(TASK STATEMENT) Transcribe only the lines in the data below falling between the line with "Waterproof travel backpack" and the line with "A Catholic priest", including those two lines, and leave out any picture.

(DATA EXTRACT)
- - -

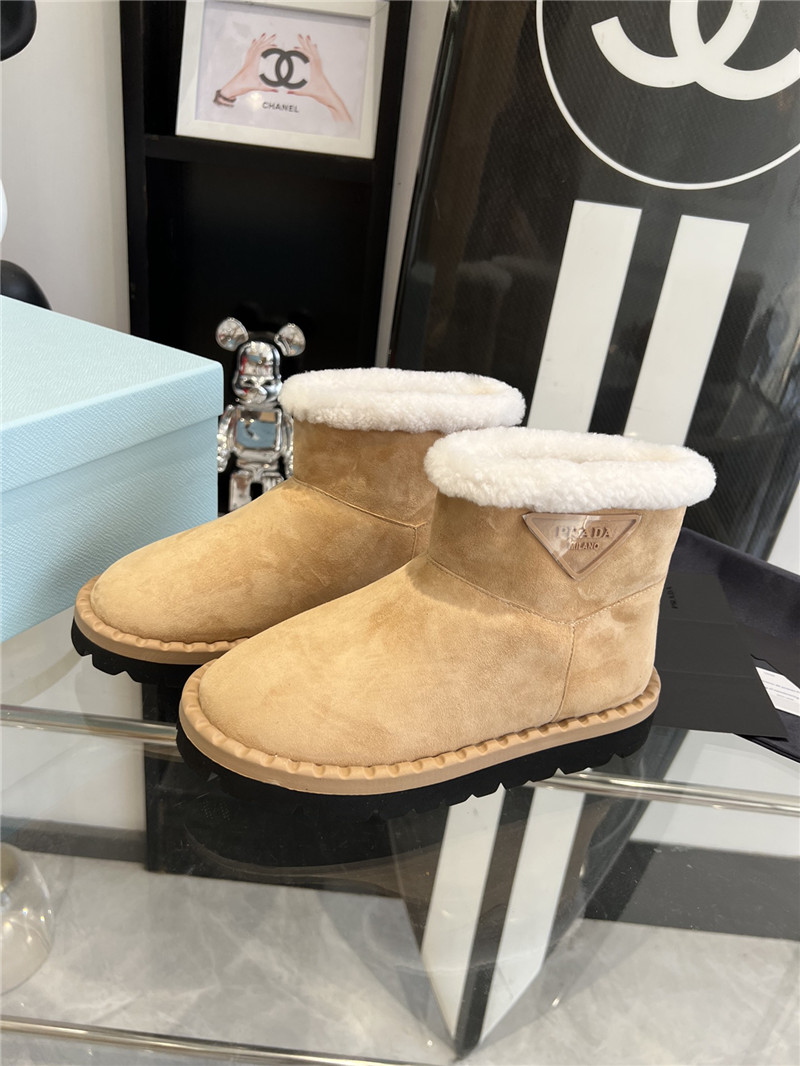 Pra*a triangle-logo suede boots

- - -

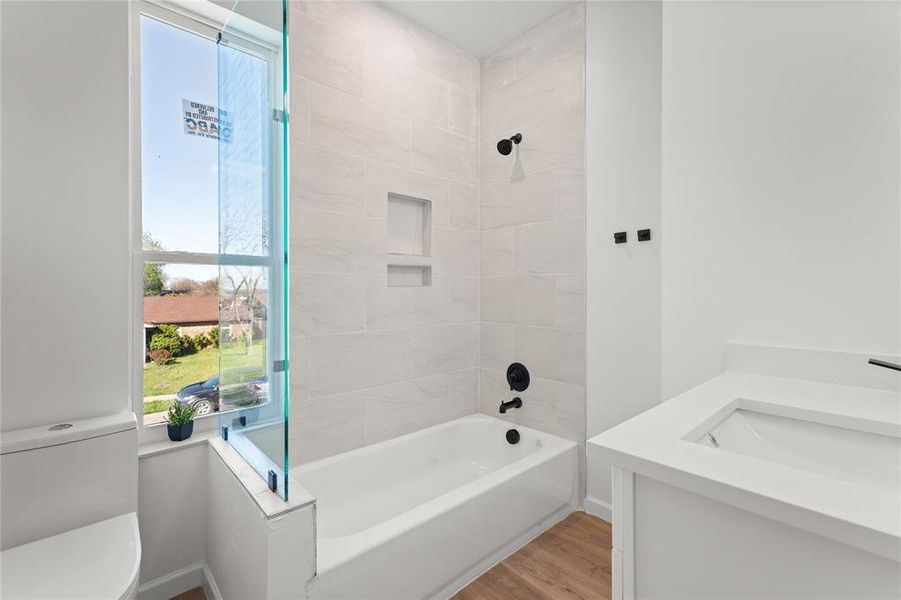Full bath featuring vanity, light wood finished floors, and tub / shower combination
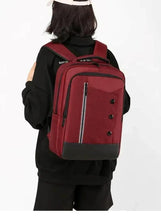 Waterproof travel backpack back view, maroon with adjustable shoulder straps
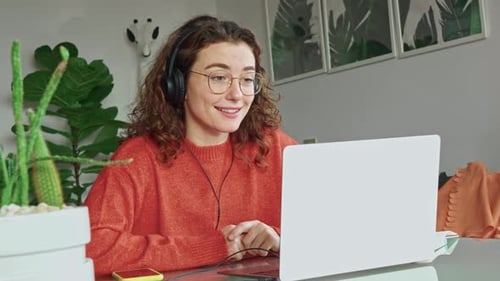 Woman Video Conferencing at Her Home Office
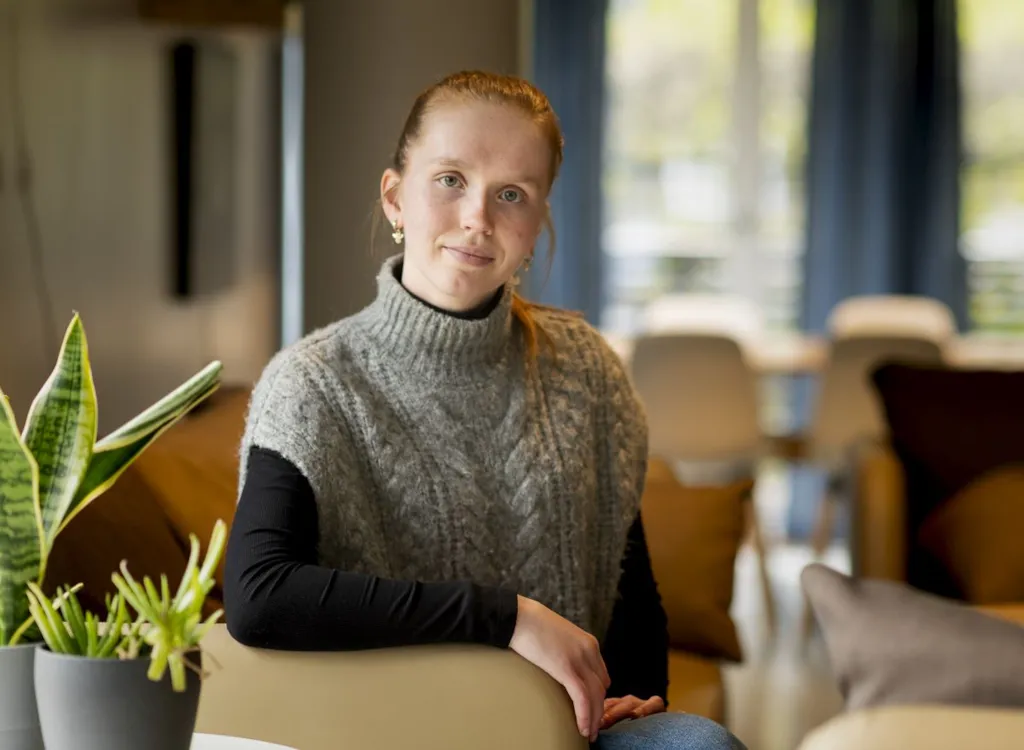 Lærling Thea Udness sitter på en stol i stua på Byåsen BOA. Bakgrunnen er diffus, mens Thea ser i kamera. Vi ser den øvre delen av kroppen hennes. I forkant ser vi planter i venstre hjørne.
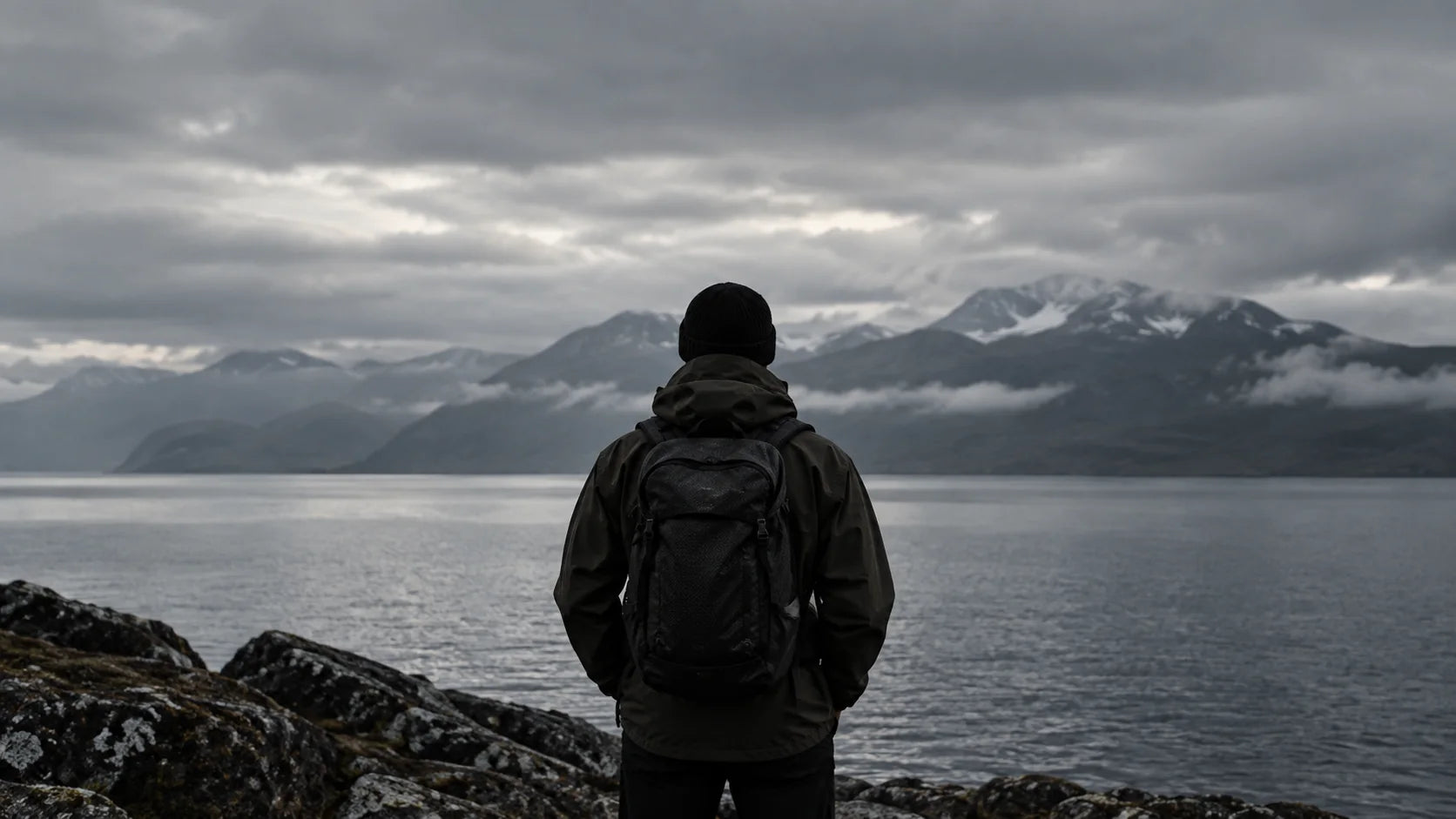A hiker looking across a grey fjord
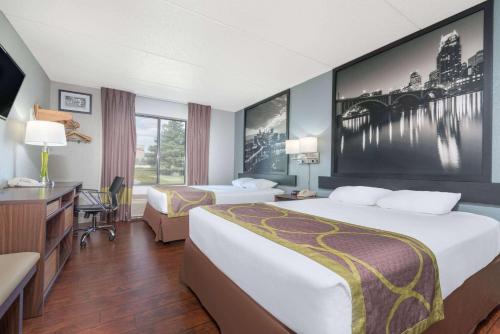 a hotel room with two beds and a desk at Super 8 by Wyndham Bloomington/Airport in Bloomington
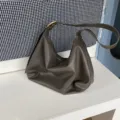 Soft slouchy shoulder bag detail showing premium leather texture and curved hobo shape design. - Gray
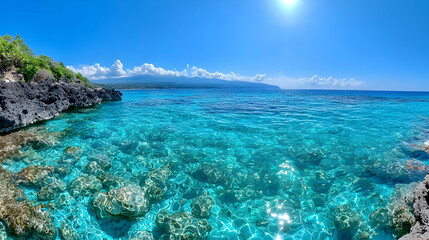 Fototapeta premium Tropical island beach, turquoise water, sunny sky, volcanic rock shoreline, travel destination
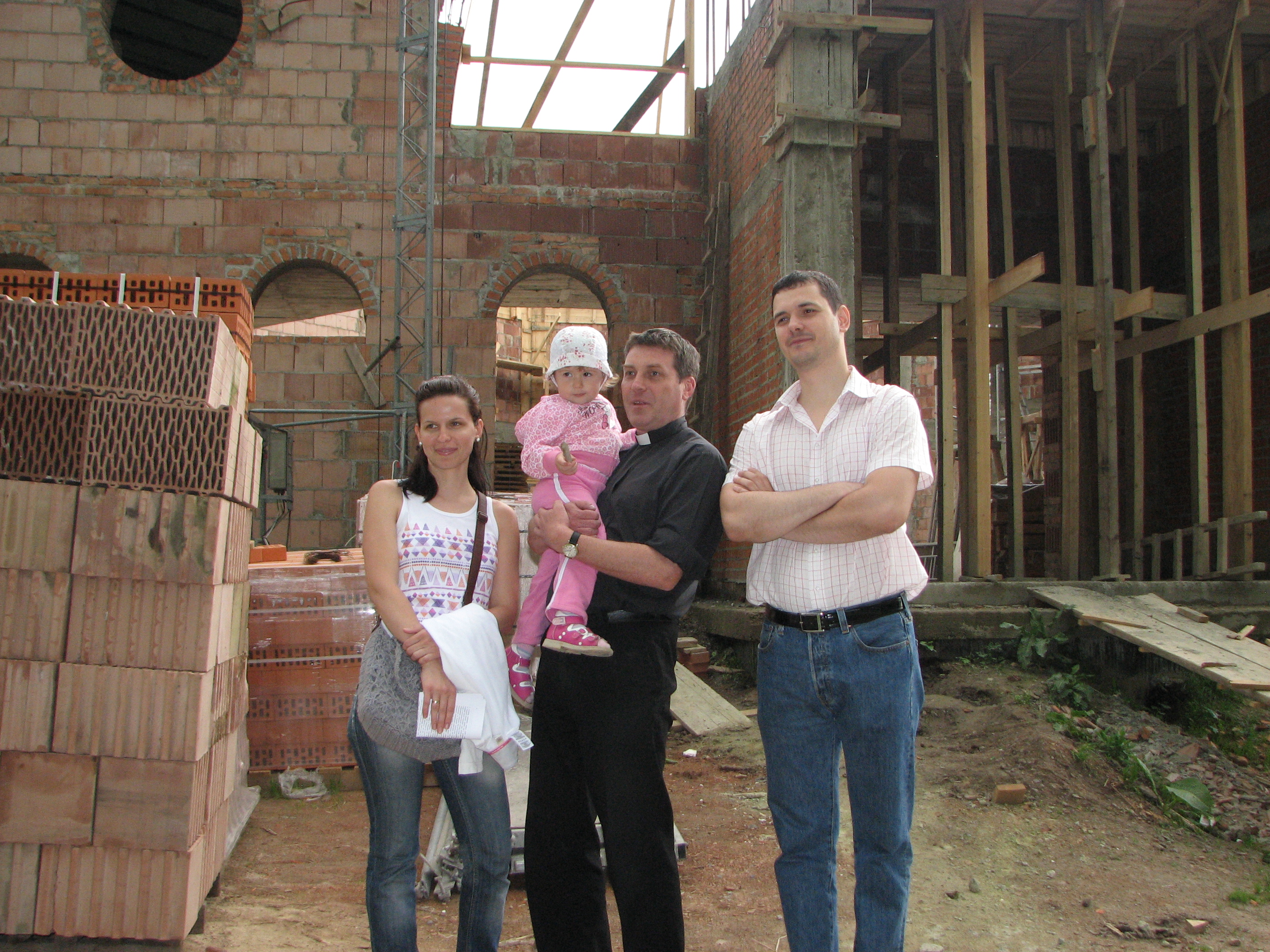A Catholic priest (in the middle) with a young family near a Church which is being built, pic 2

- - -

(RESPONSE TO THE TASK)
 Waterproof travel backpack back view, maroon with adjustable shoulder straps
 Woman Video Conferencing at Her Home Office
 Lærling Thea Udness sitter på en stol i stua på Byåsen BOA. Bakgrunnen er diffus, mens Thea ser i kamera. Vi ser den øvre delen av kroppen hennes. I forkant ser vi planter i venstre hjørne.
A hiker looking across a grey fjord
 a hotel room with two beds and a desk at Super 8 by Wyndham Bloomington/Airport in Bloomington
 Soft slouchy shoulder bag detail showing premium leather texture and curved hobo shape design. - Gray
 Fototapeta premium Tropical island beach, turquoise water, sunny sky, volcanic rock shoreline, travel destination
A Catholic priest (in the middle) with a young family near a Church which is being built, pic 2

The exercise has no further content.